A enunciada ausência de planeamento teve como consequência directa a decadente qualidade do futebol local, com repercussões óbvias na selecção nacional que, hoje, está a léguas de projectos europeus que já levam a sustentação de, pelo menos, uma década. E nem aquele humilhante resultado frente aos germânico libertou os brasileiros de uma soberba que insistem em verbalizar. "Ninguém vem ensinar como se joga ao país do futebol!", vociferaram Muricy Ramalho e Vanderley Luxemburgo. O Brasileirão continua fundido apenas à paixão de um povo delirante, mas fiel, ao talento que surge debaixo de cada pedra, e na imprevisibilidade do seu vencedor (há 12 clubes grandes).
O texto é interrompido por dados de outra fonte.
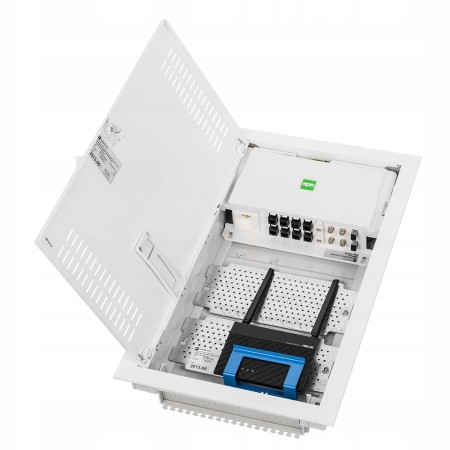 Uchwyt Router Wifi Modem Skrzynka Multimedialna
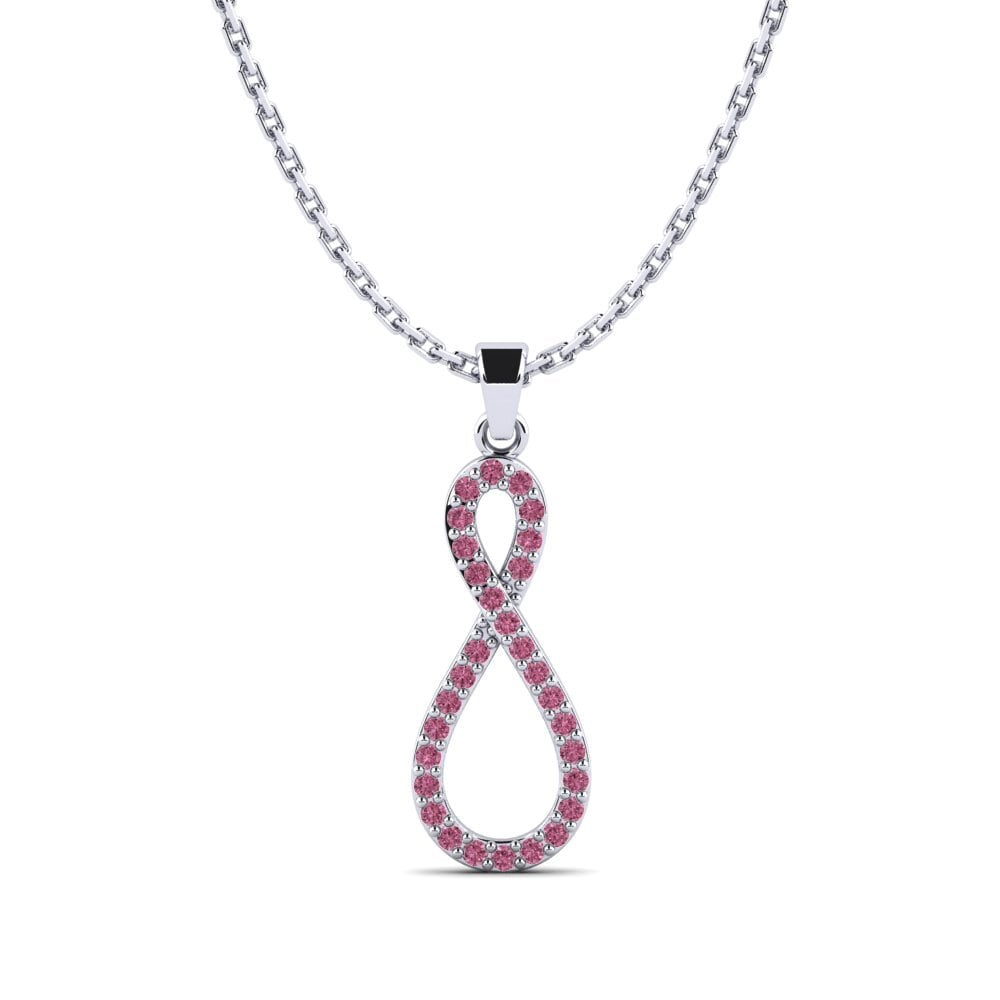 Granate Rhodolite Colgante de Mujer Jetted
Os clubes desunem-se e os vícios mantém-se: dirigentes corruptos, salários em atraso, falta de transparência e despedimento compulsivo de treinadores. Esses técnicos, completamente embrenhados no ciclo vicioso, acomodam-se e lidam naturalmente com esta dança que os acomete, desdenhando, com sobranceria, a bravura e o risco corrido, a exemplo, por Simeone, Bielsa ou Pellegrini, quando cruzaram o Atlântico e se fixaram em clubes de média dimensão.

Está na hora do país do futebol aprender com o resto do mundo. Solução: compromisso. A imagem que ilustra este artigo é elucidativa das mudanças profundas a que o jogador brasileiro se expôs, com e no passar das últimas duas décadas. Mas a estética, essa ilusão de óptica, é apenas a ponta do icebergue de uma problemática que, só agora e tardiamente, os brasileiros admitem existir. A raiz, as vísceras do problema, estão numa expressão intimamente ligada à etimologia desportiva, cujo embrião está emocionalmente e culturalmente ligado ao berço da modalidade: o futebol de pé descalço, as peladas, a 'base', o Brasil!. O problema está na base, na formação, mas a culpa, como explicado atrás, não pode ser atribuída por inteiro às transformações mentais do povo brasileiro, sempre e umbilicalmente subjacentes aos avanços sociológicos. E isto não vale apenas para o Brasil. Qualquer nação está exposta aos mesmos 'perigos'.

Como Mano Menezes referiu ao DN: "não se pode entregar o projecto de um país, de uma nação histórica na modalidade, a uma pessoa, a um seleccionador. o projecto tem que ser da Confederação, e o seleccionador, dentro das suas ideias, ser mais uma ferramenta para lhe dar andamento". Mesmo que haja casos pontuais de sucesso, como o Uruguai de Tabarez, Otto Rehhagel com a Grécia, ou o Chile de Sampaoli, onde é evidente que o cunho pessoal é decisivo, embora, e muito em grande parte, devido ao limitado campo de recrutamento. O Brasil não pode continuar iludido: já não basta jogar bonito, como até aqui até vinha fazendo. Modernizar as suas infraestruturas de treino, aumentar a intensidade deste, alterar a organização dos seus campeonatos, traçar um caminho, que não pode levar uma volta de 180º quando o treinador X ou Y abandonam um clube. 

Eu quero o Brasil de volta. Quero um camisola nove como Careca, Ronaldo ou Romário. Qualquer adepto o quer. Não me esqueço da resposta de Guardiola, na final do Campeonato Mundial de Clubes, quando lhe perguntaram como é que o Barcelona havia goleado o Santos: "Jogamos como o meu pai e o meu avô diziam que o Brasil jogava antigamente...". Não há uma crise de valores: o Brasil quer continuar a vencer mas, para que isso aconteça, desta vez o país do futebol terá de baixar a cabeça e aprender com o resto do mundo.